The appeal to a noble youth ends in the 126th sonnet, after which a dark-skinned lady begins to appear, with jet-black hair and black eyes. This soulless coquette betrayed the poet and lured his friend. But who is such a noble young man and who is a soulless coquette? It was then that the fantasy of researchers began to work and, mixing the authentic with the uttermost arbitrariness in the literal interpretation of poetic symbolism, discredited a significant part of autobiographical theory.

Of the moderate adherents of the autobiographical theory who enriched Shakespeareology with valuable considerations, we can name Gervinus, Ulrici, Fairnival, Swinburne, Dowden, and among the Russian scientists, to some extent N. I. Storozhenko.
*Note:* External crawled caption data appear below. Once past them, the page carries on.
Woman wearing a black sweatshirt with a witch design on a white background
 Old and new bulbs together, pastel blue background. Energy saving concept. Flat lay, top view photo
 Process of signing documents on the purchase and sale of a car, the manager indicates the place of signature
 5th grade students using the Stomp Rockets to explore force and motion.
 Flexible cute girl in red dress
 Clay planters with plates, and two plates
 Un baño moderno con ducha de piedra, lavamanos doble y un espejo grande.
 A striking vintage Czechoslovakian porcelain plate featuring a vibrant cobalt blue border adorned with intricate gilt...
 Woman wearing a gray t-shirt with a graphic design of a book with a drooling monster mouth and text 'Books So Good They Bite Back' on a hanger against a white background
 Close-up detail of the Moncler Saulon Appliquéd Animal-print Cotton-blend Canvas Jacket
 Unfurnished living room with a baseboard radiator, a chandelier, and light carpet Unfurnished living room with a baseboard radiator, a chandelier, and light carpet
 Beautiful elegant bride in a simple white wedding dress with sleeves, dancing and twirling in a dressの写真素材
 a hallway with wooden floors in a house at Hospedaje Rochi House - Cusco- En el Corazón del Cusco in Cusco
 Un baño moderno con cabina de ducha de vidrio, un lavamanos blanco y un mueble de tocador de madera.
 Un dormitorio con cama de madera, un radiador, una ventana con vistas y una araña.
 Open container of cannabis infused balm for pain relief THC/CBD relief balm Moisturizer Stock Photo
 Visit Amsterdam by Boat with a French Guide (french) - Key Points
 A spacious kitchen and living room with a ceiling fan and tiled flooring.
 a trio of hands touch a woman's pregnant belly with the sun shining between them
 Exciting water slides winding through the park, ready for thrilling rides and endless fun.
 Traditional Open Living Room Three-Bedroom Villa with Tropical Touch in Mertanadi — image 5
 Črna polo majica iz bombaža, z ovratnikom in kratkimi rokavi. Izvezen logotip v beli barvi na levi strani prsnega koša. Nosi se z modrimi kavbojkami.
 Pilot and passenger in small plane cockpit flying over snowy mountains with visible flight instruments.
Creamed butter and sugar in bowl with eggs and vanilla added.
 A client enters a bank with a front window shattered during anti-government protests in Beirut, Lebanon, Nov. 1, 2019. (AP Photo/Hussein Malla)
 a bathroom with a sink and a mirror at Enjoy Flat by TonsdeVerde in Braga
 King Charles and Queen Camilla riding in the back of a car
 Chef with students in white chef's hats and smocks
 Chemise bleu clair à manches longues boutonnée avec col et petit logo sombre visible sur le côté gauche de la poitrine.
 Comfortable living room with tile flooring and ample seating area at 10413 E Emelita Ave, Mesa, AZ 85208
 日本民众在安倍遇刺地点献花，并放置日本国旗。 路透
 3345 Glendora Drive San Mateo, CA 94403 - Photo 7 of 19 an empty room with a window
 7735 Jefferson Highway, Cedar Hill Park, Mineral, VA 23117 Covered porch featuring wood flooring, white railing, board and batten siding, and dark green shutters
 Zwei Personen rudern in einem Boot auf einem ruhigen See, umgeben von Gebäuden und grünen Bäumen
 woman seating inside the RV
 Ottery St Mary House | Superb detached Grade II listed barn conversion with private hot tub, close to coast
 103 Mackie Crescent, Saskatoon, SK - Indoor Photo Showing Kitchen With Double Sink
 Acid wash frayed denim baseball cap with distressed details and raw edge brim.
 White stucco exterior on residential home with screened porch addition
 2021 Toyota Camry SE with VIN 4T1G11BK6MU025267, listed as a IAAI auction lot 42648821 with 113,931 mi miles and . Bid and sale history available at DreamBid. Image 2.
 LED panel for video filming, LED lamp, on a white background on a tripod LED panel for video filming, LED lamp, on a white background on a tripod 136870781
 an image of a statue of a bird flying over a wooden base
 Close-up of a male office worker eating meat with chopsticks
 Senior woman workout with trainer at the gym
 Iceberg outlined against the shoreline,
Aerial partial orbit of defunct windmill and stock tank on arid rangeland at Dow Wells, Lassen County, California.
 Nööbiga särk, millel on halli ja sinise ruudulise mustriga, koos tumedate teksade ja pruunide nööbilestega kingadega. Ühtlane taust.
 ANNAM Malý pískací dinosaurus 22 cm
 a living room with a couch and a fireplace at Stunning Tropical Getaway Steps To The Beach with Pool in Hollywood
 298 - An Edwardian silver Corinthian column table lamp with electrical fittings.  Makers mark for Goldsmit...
A vivid example of the enthusiasm for this theory is the huge chapter on sonnets in Brandes’s book. With startling frivolity, Brandeis developed and embellished the insights of one of the newest scholars and publishers of Tyler’s sonnets (Tyler, 1890).

Tyler, having accepted the assumption long ago expressed by some that Shakespeare brought out the handsome favorite of Elizabeth Earl of Pembroke in the young patron, he also sees the court lady Mary Fitton, known for her adventures, in the “black” beauty of the last sonnets. And so, using the purely literary techniques of sonnets, Brandeis gave a whole novel about Shakespeare’s connection with Fitton, and in the bitter feeling left by her betrayal, he sees the source of Shakespeare’s dark period.